Whether Oakland wants a real city with a real climate plan has yet to be seen. Yes, bicycles are important too but the Bay Area is not going to shed its car obsession with bikes alone. Public transit is equally important.
Hopefully the next Mayor of Oakland is serious about transportation and climate change. In the meantime, the Oakland City Council District 2 seat — where the San Antonio BART station should be built — is coming to a special election. Ask the candidates what they’ll do to improve BART and AC Transit service on February 18th at this forum!
I feel your frustration Darrell. Living in the East Bay for 8 years without a car, I also found myself extremely frustrated when relying on AC transit. From the embarrassment of convincing friends and family to take the bus with me only to have to wait 30 minutes after a bus gets cancelled, to constantly being late to events, and to the absurdity of looking at google maps and seeing driving time of 15 minutes and bus time being an hour, I ended up buying an e-bike and pretty much never taking the bus. Even though riding on the East Bay's disconnected bike infrastructure among dangerous and distracted drivers raised my blood pressure 1000% and I was almost killed by driver ever few months, it was the only way for me to get around reliably without a car.

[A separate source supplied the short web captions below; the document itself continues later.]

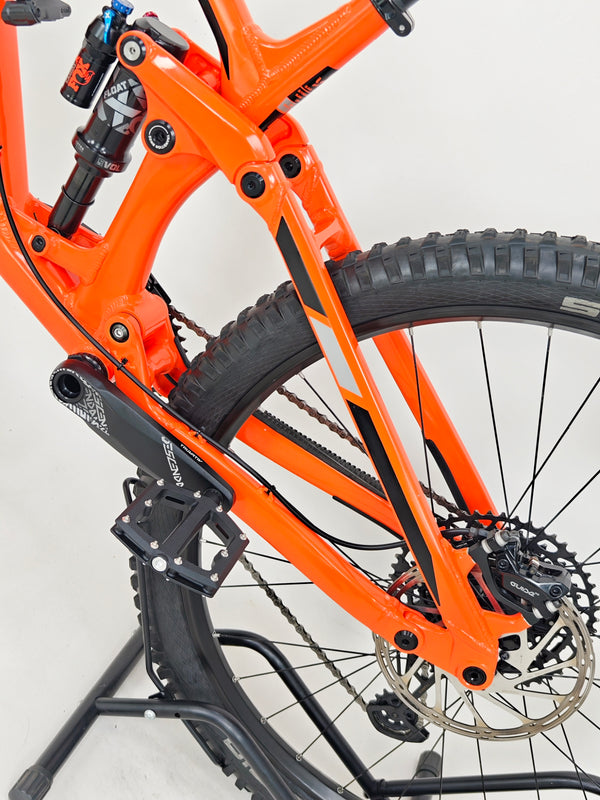 Transition Spire Alloy NX 2022 / LARGE / RRP: £4,299.00 / Very Good Condition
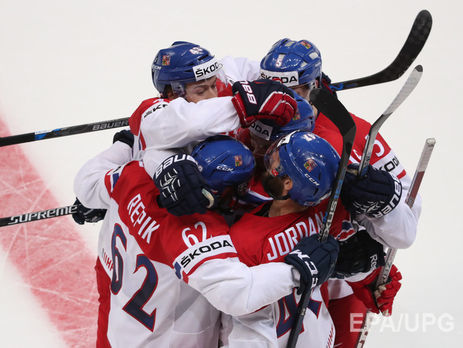 Россия стартовала с крупного поражения на домашнем чемпионате мира по хоккею. Фоторепортаж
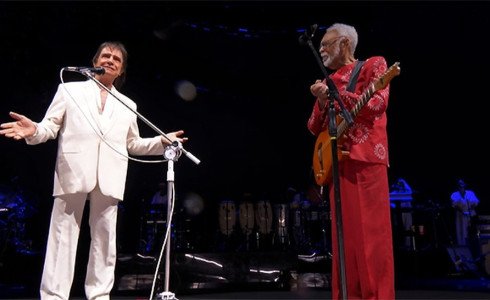Reencontro de Gilberto Gil com Roberto Carlos harmoniza dois reinos da MPB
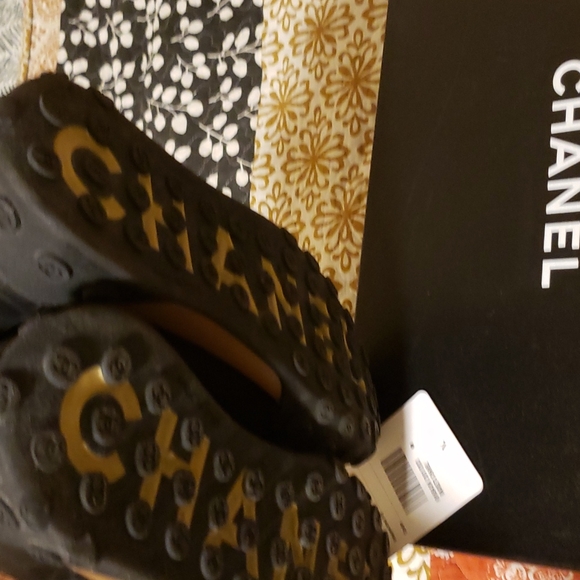 Women's Authentic Chanel sneakers - Picture 7 of 7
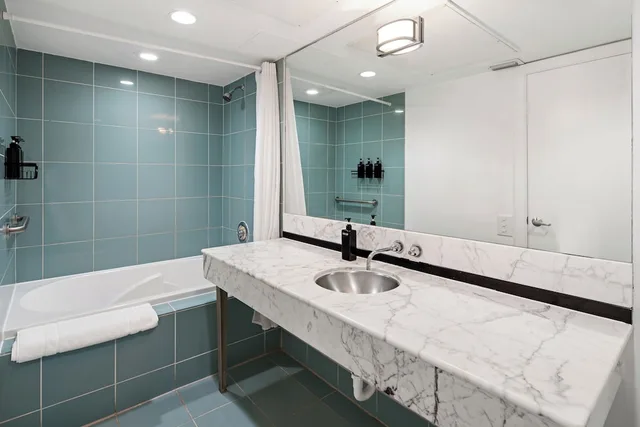 جناح بسرير كينج مع أريكة، Kasa La Flora Miami Beach 4/4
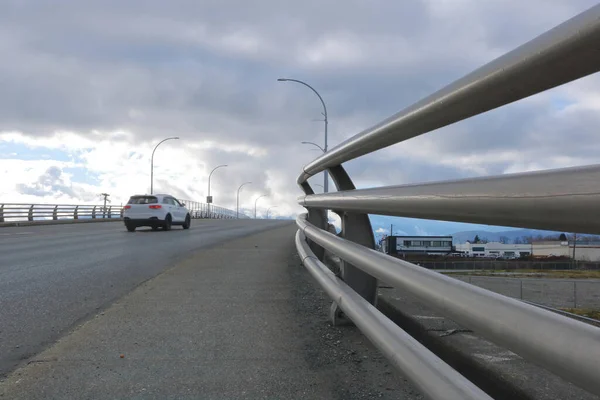 Zbliżenie Zakrzywionej Poręczy Która Prowadzi Wzdłuż Mostu Miejskiego Godzinach Porannych — Zdjęcie stockowe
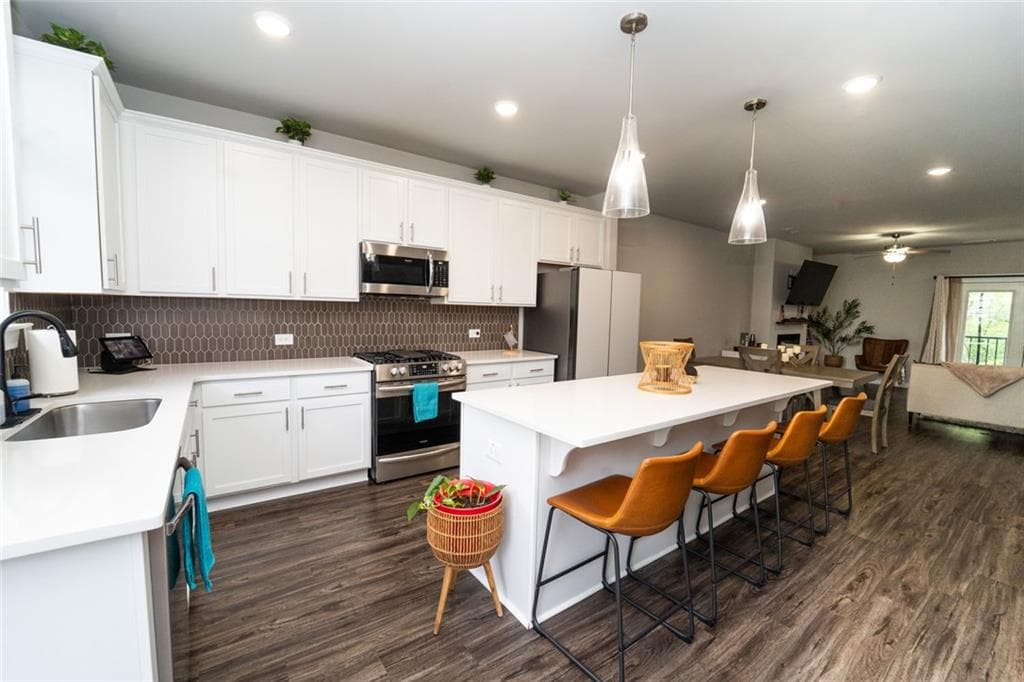 4 bedroom, 4 bathroom, 2,148 sq ft townhouse for sale at 2030 NW Main Street 403, Atlanta, GA 30318 — photo 2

I'm not sure how we change the governance structure such that the people making transit and funding decisions are more directly accountable to the public. Something like Seamless Bay Area's plan or even just merging AC Transit into BART would help with coordination, but would the decision makers still be too far removed from accountability to the voting public who ride transit? The East Bay cities are all probably too small to have their own systems like SF does, although maybe Oakland could have it's own. Of course a big influx of public money into transit operations would help, but short of finally getting a mega measure on the CA ballot or passing and Prop 15-esque split roll I'm not sure the big money is coming any time soon.

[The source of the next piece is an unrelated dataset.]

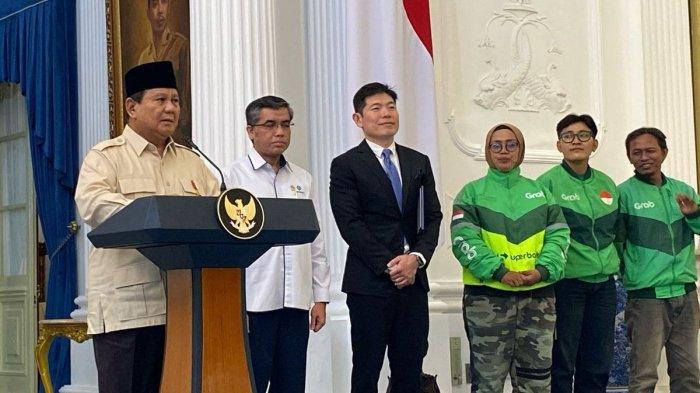 BONUS THR OJOL - Presiden Prabowo Subianto mengumumkan pencairan Tunjangan Hari Raya (THR) untuk pekerja di Istana Merdeka, Kompleks Istana Kepresidenan, Jakarta Pusat, Senin (10/3/2025). Prabowo menyebut bonus atau THR untuk ojol ini harus berupa uang tunai. Adapun besarannya disesuaikan dengan keaktifan kerja para pengemudi. (KOMPAS.com/FIKA NURUL ULYA)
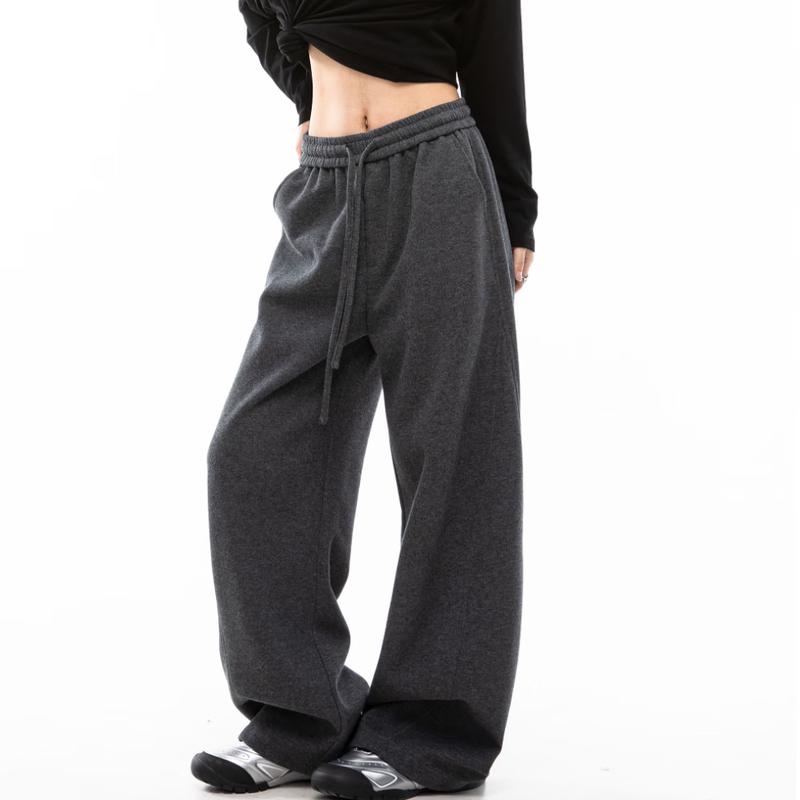 Женские флисовые широкие спортивные штаны ICH MODE M
Женские флисовые широкие спортивные штаны ICH MODE M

Anyways I live in Vancouver now so I have decent transit finally. But I still visit often and want the East Bay to thrive. If there's some way I can help from afar hit me up.
Great analysis. I’m glad you mentioned UCSF Children’s Oakland. Not only does BART skip past it, there’s not even an AC transit bus stop there! (Relatedly there’s an unprotected crosswalk between the hospital buildings that cars zoom through all the time, endangering families and staff. That whole area is built and maintained by Car Brain.)